Volunteers needed to protect rare seabirds in Northumberland

A Northumberland bird protection scheme is looking for volunteers to help vulnerable nesting shorebirds this summer.

Tuesday, 12th April 2016, 10:23 am
Updated Tuesday, 12th April 2016, 11:27 am
A little tern and chicks

The plea has come from the Northumberland Little Tern Project which protects endangered little terns, ringed plovers and oystercatchers.

Little terns spend their winter on the west coast of Africa and return to our coastline at the end of April. These rare birds nest on the beach along with other shorebirds and are very susceptible to disturbance.

In Northumberland, little terns are predominantly found on the National Trust Long Nanny site at Beadnell beach and Natural England’s Lindisfarne National Nature Reserve (NNR), which stretches from Budle Bay to Berwick.

The Northumberland Little Tern Project is a partnership between the National Trust, Natural England, RSPB and the Northumberland Coast Area of Outstanding Natural Beauty, which provides additional funding to the sites that Natural England and the National Trust have been protecting for many years. With this support, extra seasonal staff help protect the sites, provide new information signs and additional fencing to enclose nesting areas.

Chantal Macleod-Nolan, EU LIFE Little Tern Project co-ordinator, said: “Last year, we had a really good outcome with 44 pairs of little terns nesting on the Northumberland coast and 52 chicks fledging by the end of the season.

"The terns had a difficult summer with high tides, human disturbance and persistent predators, and only persevered due to the continued efforts of nine staff and a team of 20 dedicated volunteers working around the clock across both sites. Without this hard-working team, we wouldn’t be able to protect these birds and as a result, volunteer recruitment is crucial to the little tern’s breeding success again this summer.”

Volunteers are essential for the protection of our breeding shorebirds, as engaging beach-users about the significance of the fenced off areas and the importance for dog-walkers to keep their dogs on leads makes a huge difference to the breeding success of these small visitors. The observational research data collected by these volunteers also contributes to a wider national shorebird protection scheme, with the information used to further the protection of these sensitive birds.

The enthusiastic team of wardens and volunteers monitor the shorebirds throughout the breeding season and raise public awareness, all while enjoying the stunning Northumberland coast.

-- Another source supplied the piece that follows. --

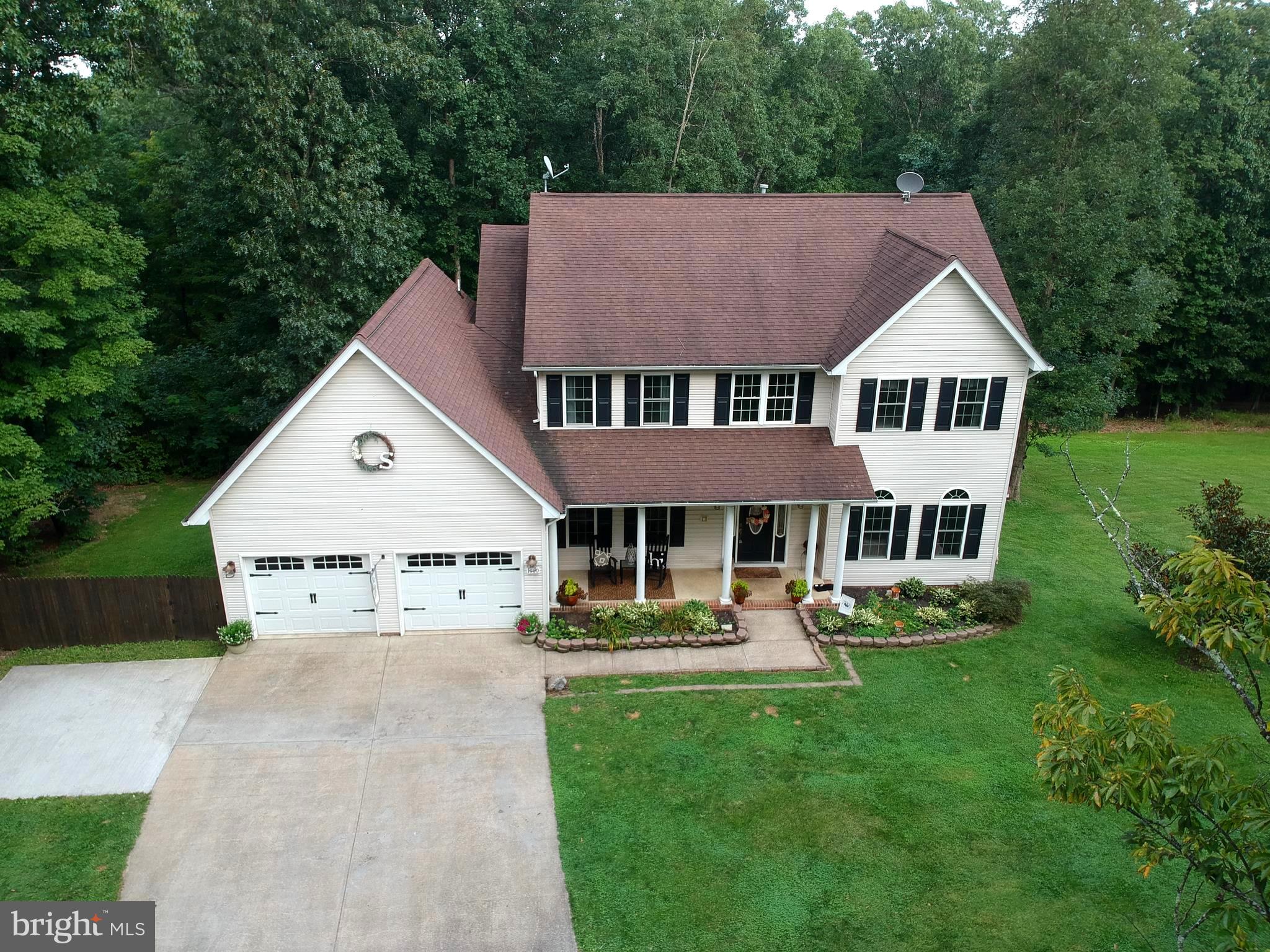 1700 Hunting Ridge Road Winchester, VA 22603 - Photo 1 of 28 Exterior (Front)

The Northumberland Little Tern Project is hosting a volunteer information meeting on Friday, April 22, between 10.30am and 12.30pm at the National Trust Office, Low Newton by the Sea. (Directions: Take a left after the Tin Church, Newton Point, Alnwick, NE66 3EL.)

To book a place, email [email protected] or call Natural England on 01289 381470 or the National Trust on 01665 576874.

The Northumberland Little Tern Project is one of 11 initiatives across the UK, which together form the EU LIFE Little Tern Recovery Project. This also includes a project in County Durham to protect the little tern colony at Crimdon Dene.This EU LIFE funded UK-wide Project - involving 10 partners - will lay the foundations for the long-term recovery of the little tern in the UK by increasing numbers of breeding pairs and productivity, identifying long-term plans for conservation and increasing public awareness and support.